BROOMFIELD – Shares of restaurant chain Noodles and Co. (Nasdaq: NDLS) plunged 18 percent in after-hours trading Tuesday following the release of a first-quarter earnings release that fell short of analyst expectations and adjusted earnings guidance significantly downward.
The Broomfield-based company reported a loss of $2.8 million, or 9 cents per diluted share, after seeing a profit of $1.4 million, or 5 cents per share for the same period last year. That’s despite revenue climbing 18.1 percent versus a year ago to $104.8 million.
Noodles shares had risen 51 cents to close at $20.71 on Tuesday. But within an hour of the earnings report’s release, they’d plunged to a new 52-week low of $16.90. The shares have lost more than half their value since closing at $35.48 on June 26 of last year.

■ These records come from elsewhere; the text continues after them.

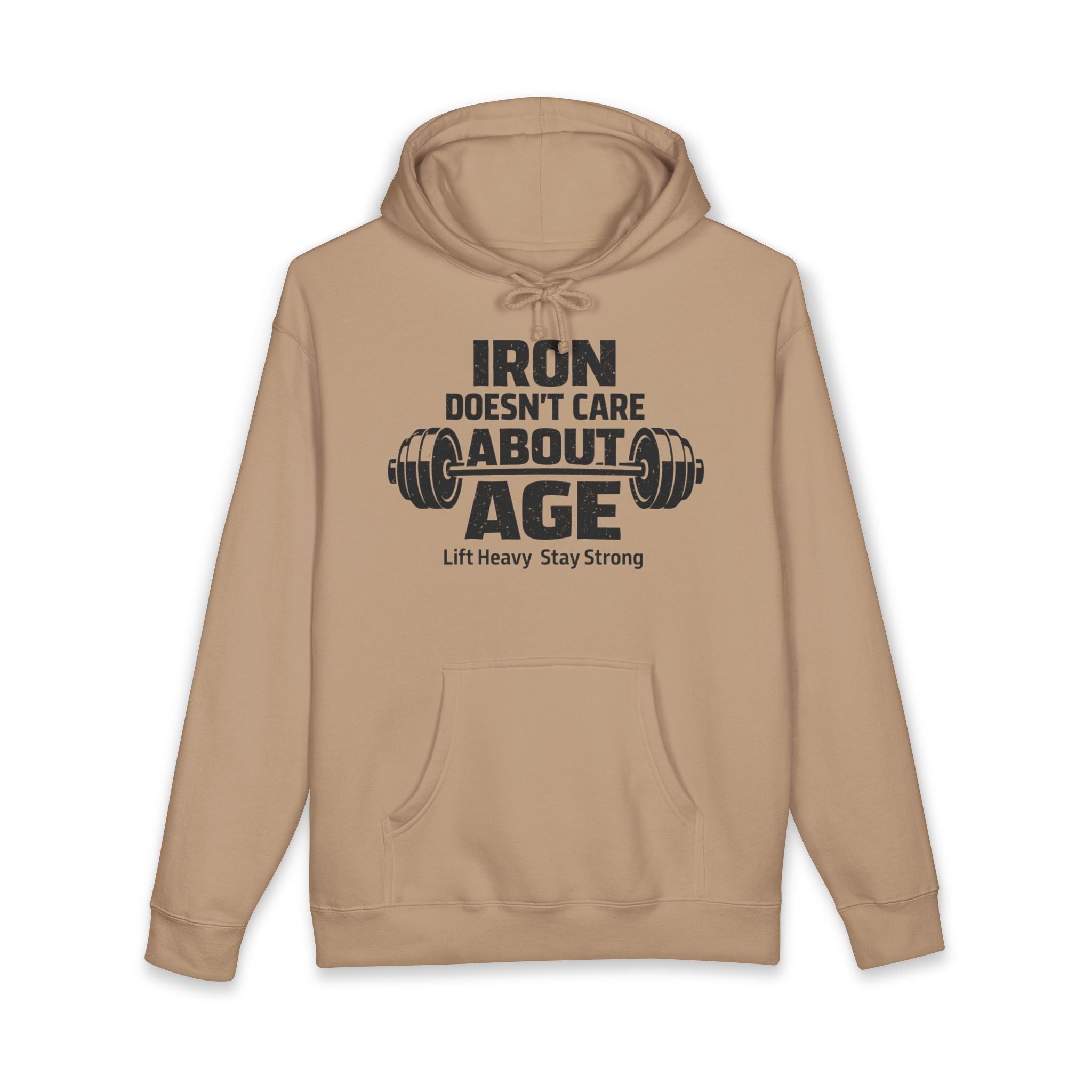 Lift Heavy Stay Strong Heavyweight Gym Hoodie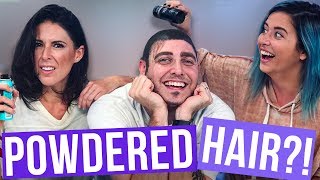 Using Powdered Hair on Sound Guy Beauty Break [upl. by Adria773]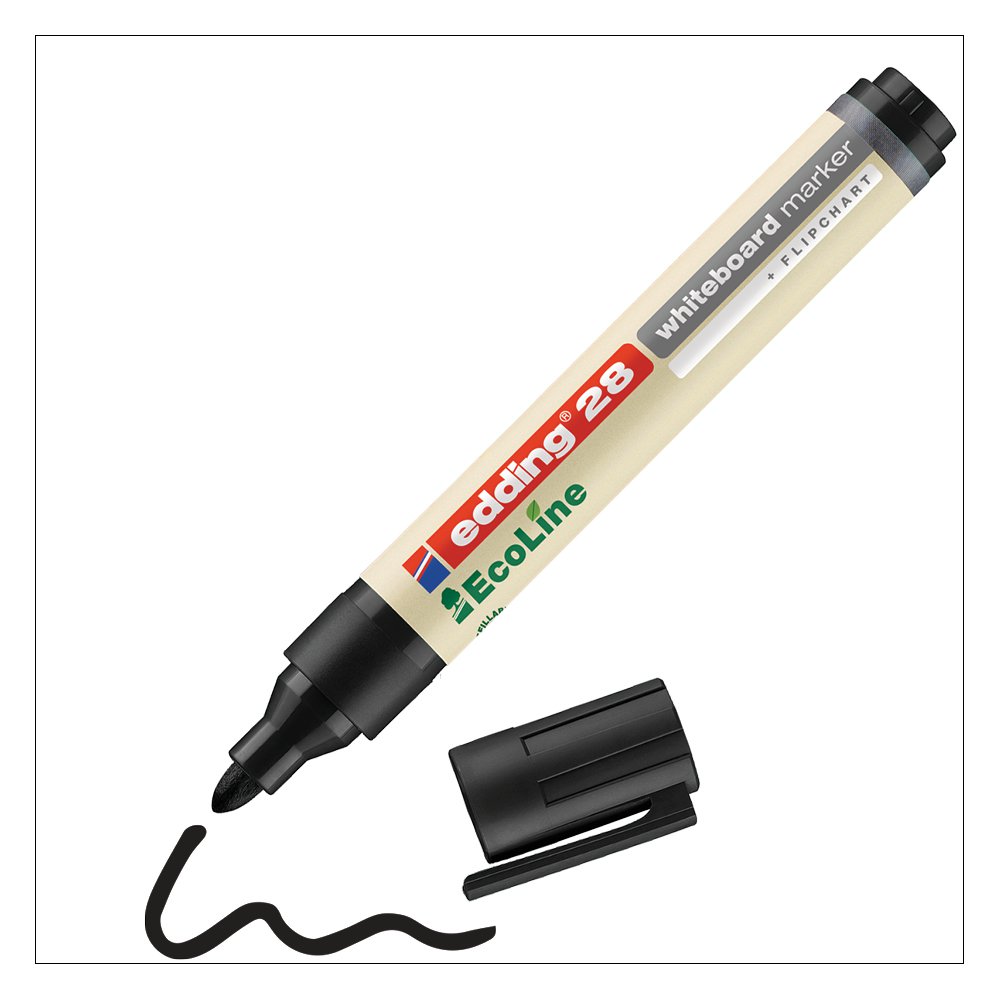 edding 28 Ecoline WB BT Mrkr BK PK10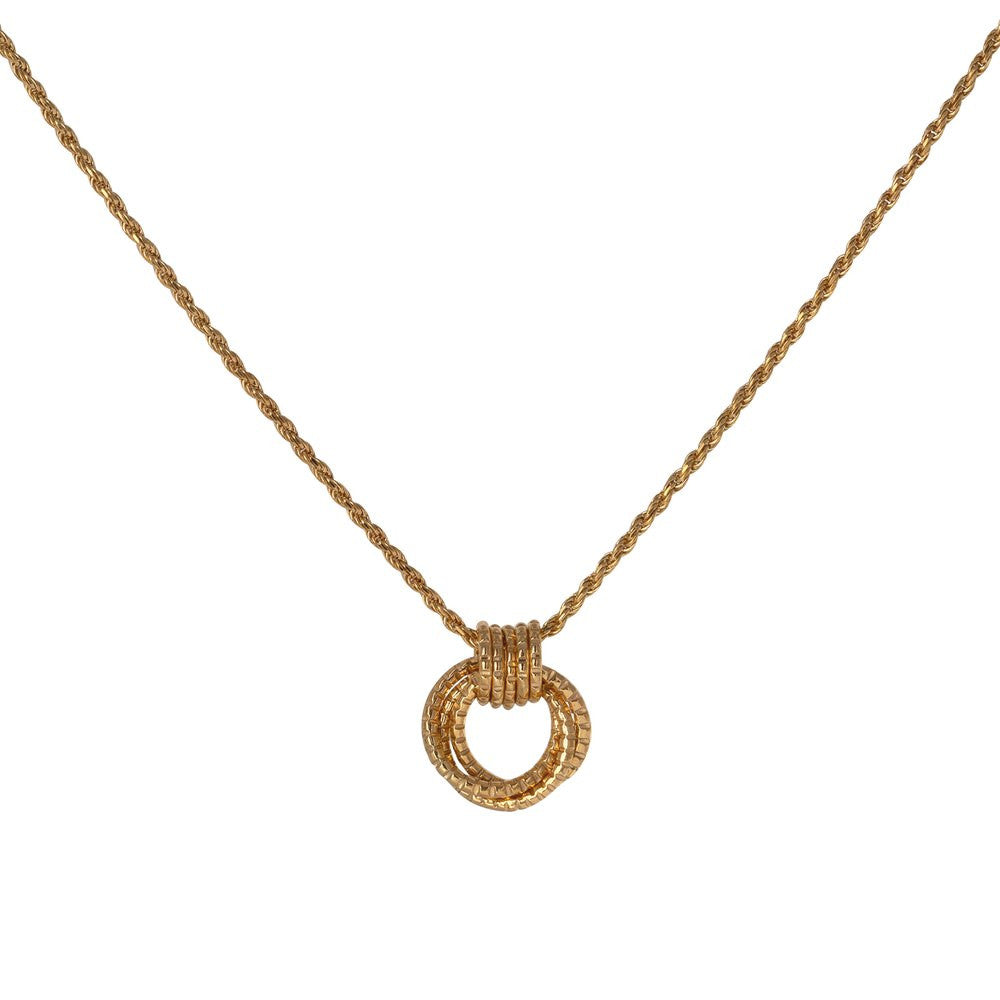 Gold Serpentine Triple Loop Pendant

After issuing guidance in February for adjusted diluted earnings per share growth of 20 percent for the full year of 2015, Noodles revised that metric, noting that it now expects the growth to remain flat this year.
The company attributed the revenue growth to the opening of new restaurants as well as the acquisition of 19 franchise restaurants and an increase in sales at comparable base restaurants. But CEO Kevin Reddy also acknowledged “sales challenges” in a few parts of the country, including Colorado.
While comparable restaurant sales grew 0.9 percent company-wide since the first quarter of last year, such sales climbed 3.2 percent when Colorado, the Washington D.C. area and Austin, Texas are excluded.
“We are confident that we understand our opportunities in these markets and are aggressively working on returning them to the success that we are seeing in the balance of the country,” Reddy said in a press release.
Noodles, finished the first quarter with 455 restaurants, including 399 company-owned and 56 franchise locations. That includes 16 new restaurants opened in the first quarter, including the first locations in Arizona and Montana.